[Crawled caption data]
◇ ◇ ◇
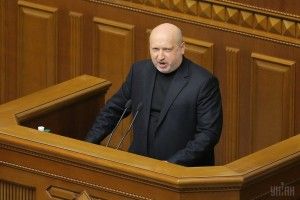 Турчинов задекларував колекцію старовинних книг і два підсвічники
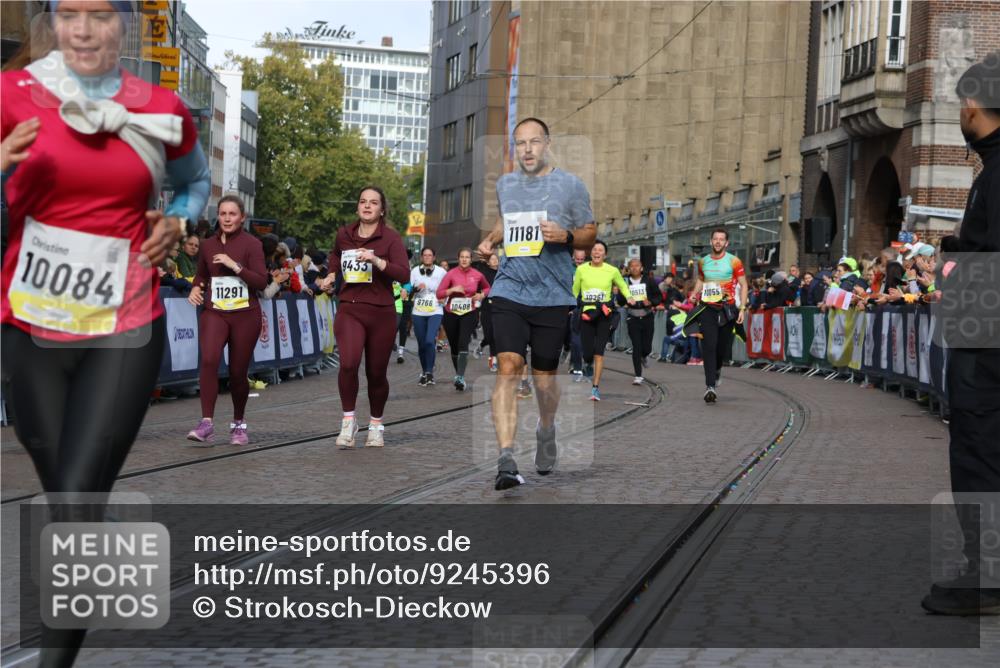 05.10.2025 - 20. swb-Marathon Bremen Strokosch-Dieckow http://msf.ph/oto/9245396 05.10.2025 10:58:25 Ziel 9433, 9608, 9820, 10055, 10084, 10261, 10408, 10586, 10988, 11181, 11184, 11291, 11495, 11591, 11700 meine-sportfotos.de
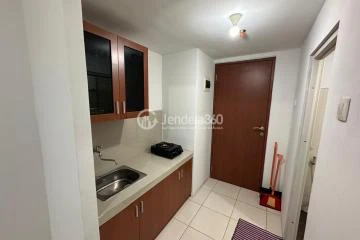 Kitchen Fancy Studio Apartment Low Floor with  View at Metropolitan Park Bekasi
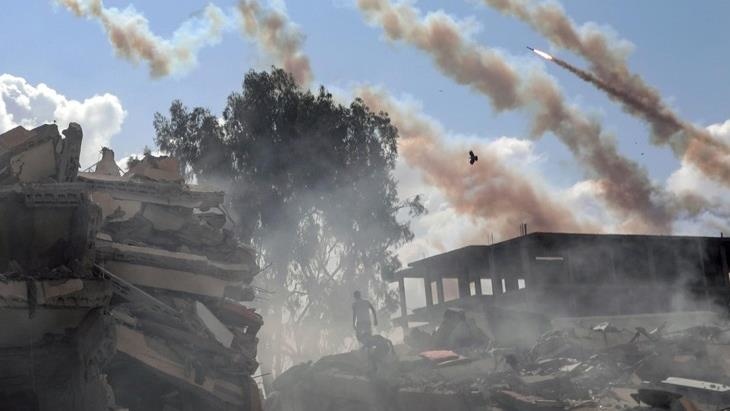 İsrail bunu da yaptı Yüzlerce Filistinlinin toplu defnedildiği mezarlığa bomba yağdırdılar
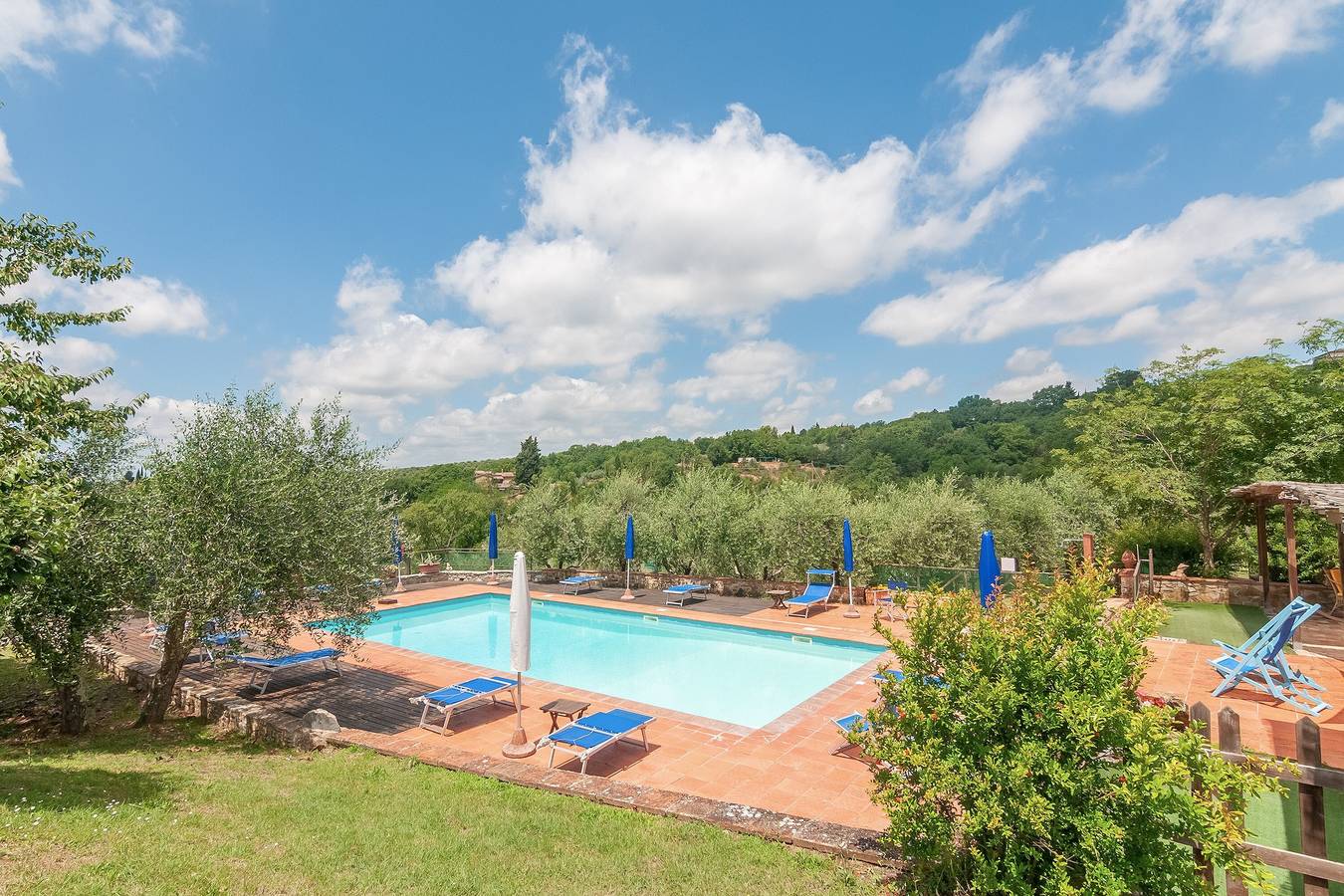 Agriturismo 'Molinuzzo - Marzio' with shared pool, private terrace, and Wi-Fi in Barberino Tavarnelle, Chianti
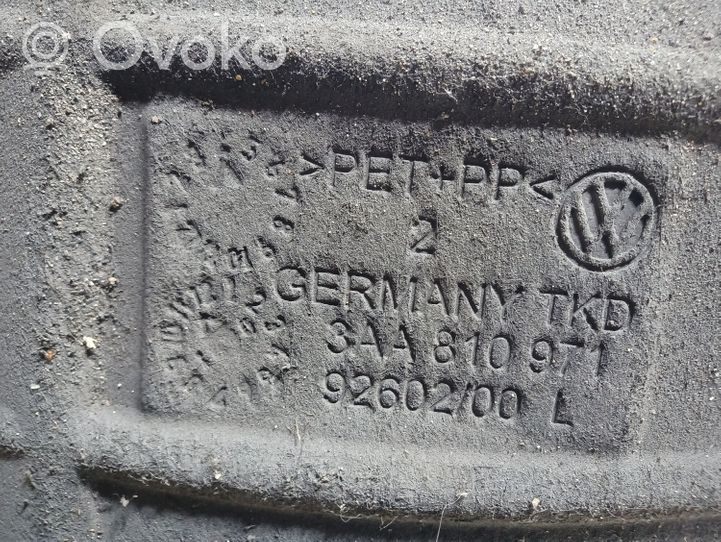 Volkswagen PASSAT B7 Nadkole tylne 3AA810971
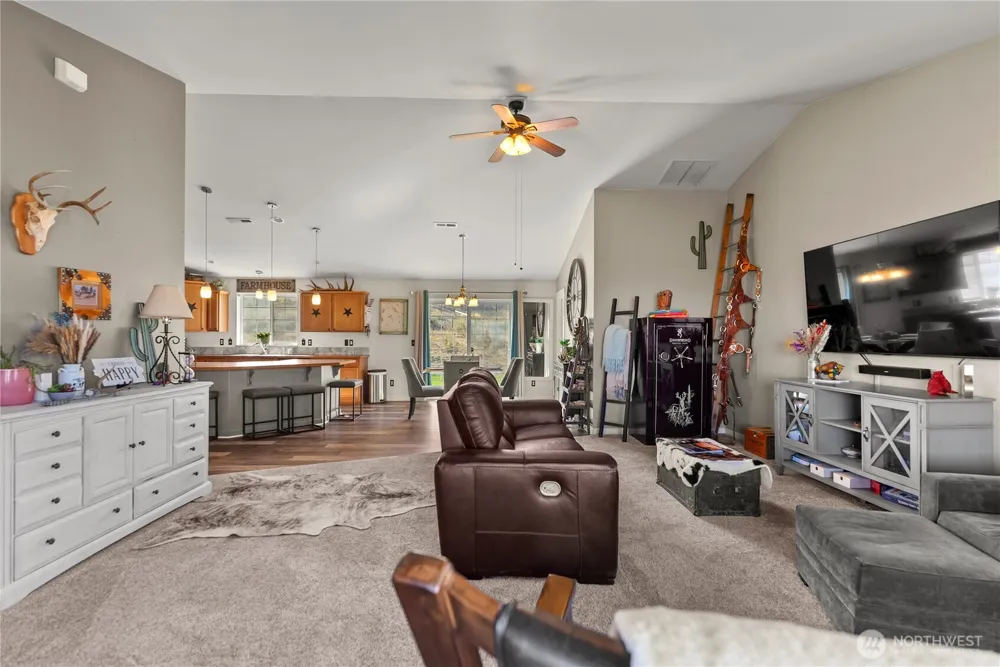 1486 Star Road Malott, WA 98829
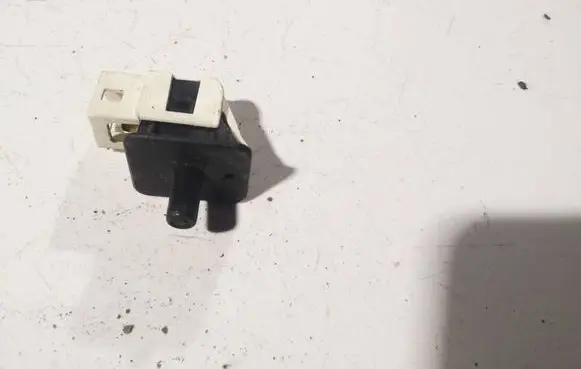 Mercedes-Benz C W203 Brake pedal sensor switch 2028209410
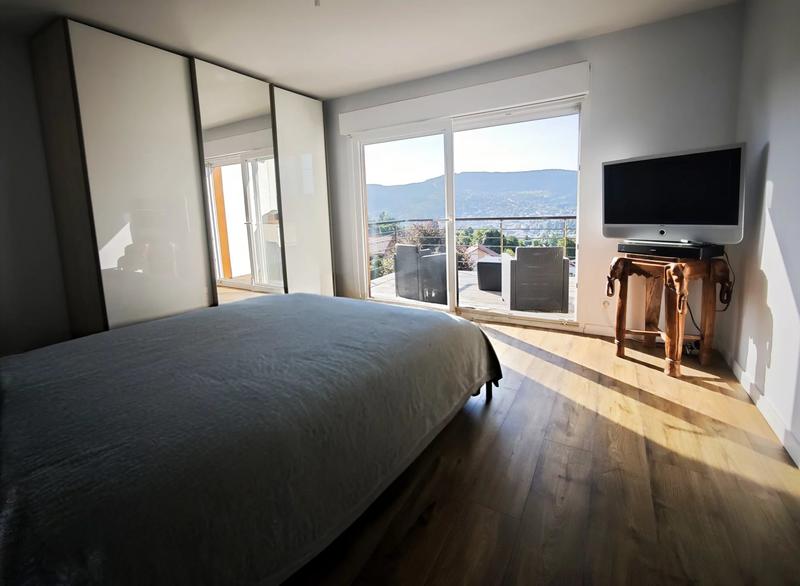 Maison - 254 m² - 10 pièces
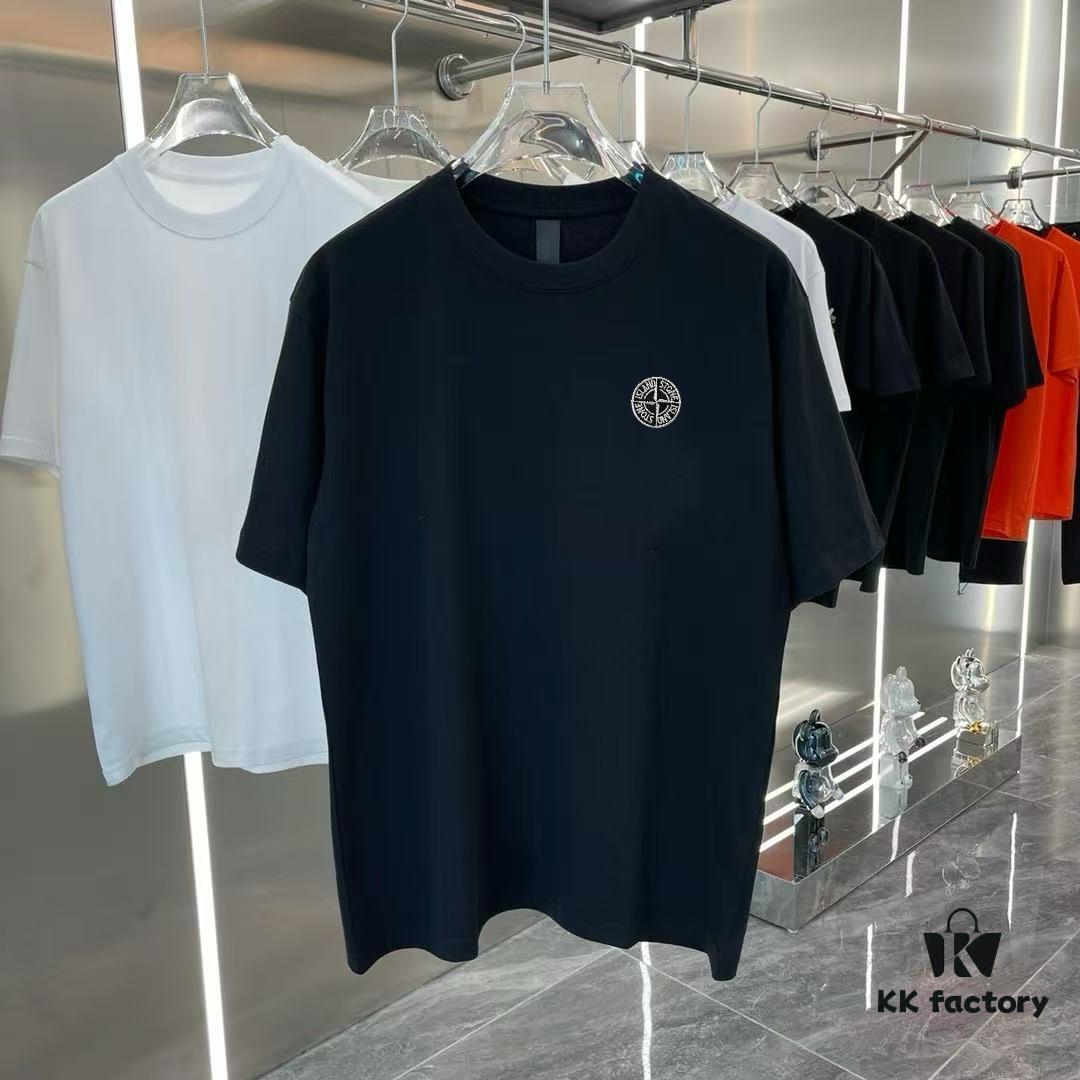 Stone Island 2025 Spring Collection Short Sleeve T-Shirt with Handcrafted Chest Logo, Premium 260g Ring-Dyed Cotton Fabric, Custom Gold Thread Detailing, Button-Hem Craftsmanship, OS Oversized Drop-Shoulder Fit, Unisex Style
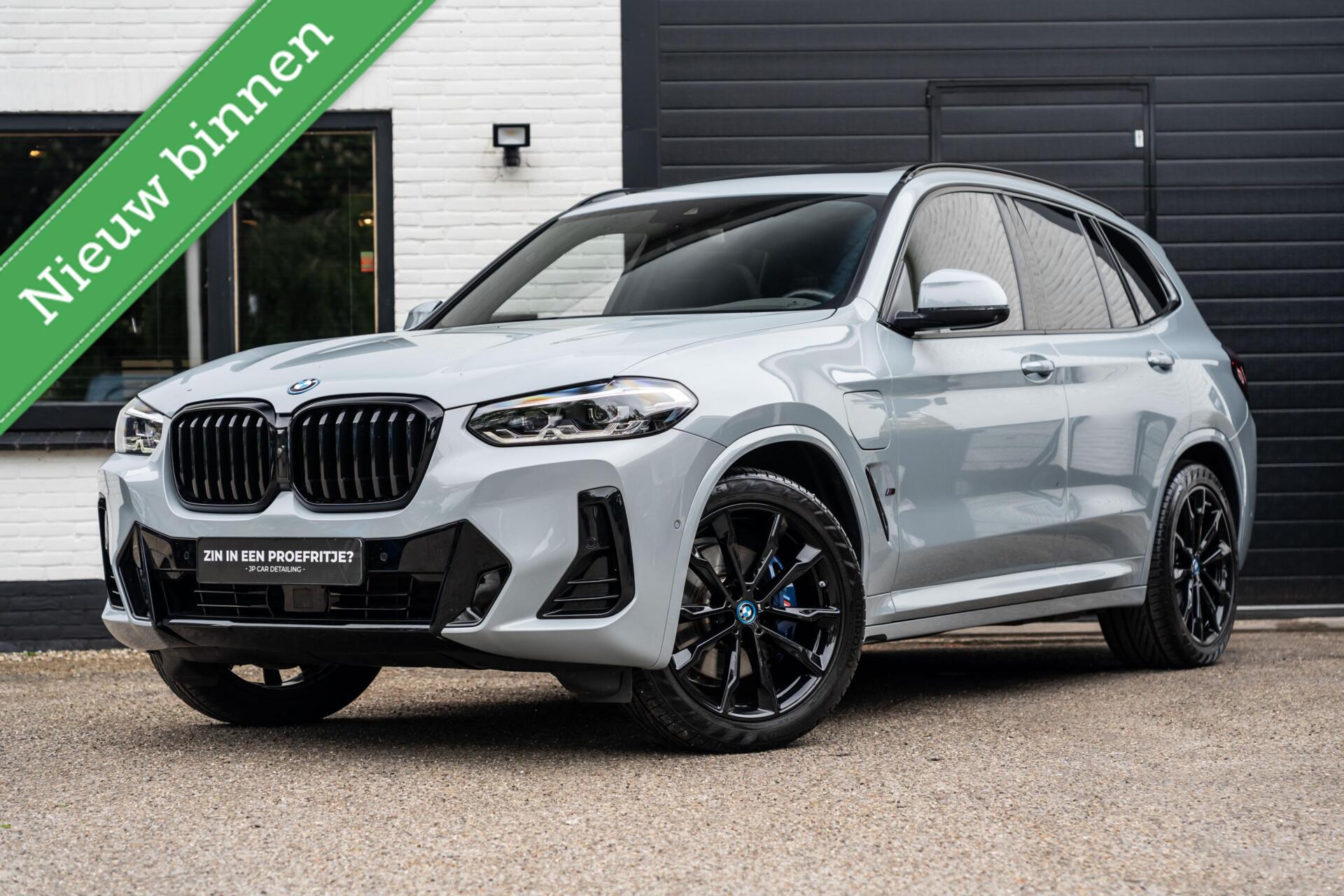 Foto van BMW X3 XDRIVE30E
◇ ◇ ◇
— PROBLEM TO WORK ON —
Each line from the one with "Maison - 254 m² - 10 pièces" through the final line of the records must be copied exactly, with no pictures and no additional lines.

— OUTPUT FOR THIS TASK —
 Maison - 254 m² - 10 pièces
 Stone Island 2025 Spring Collection Short Sleeve T-Shirt with Handcrafted Chest Logo, Premium 260g Ring-Dyed Cotton Fabric, Custom Gold Thread Detailing, Button-Hem Craftsmanship, OS Oversized Drop-Shoulder Fit, Unisex Style
 Foto van BMW X3 XDRIVE30E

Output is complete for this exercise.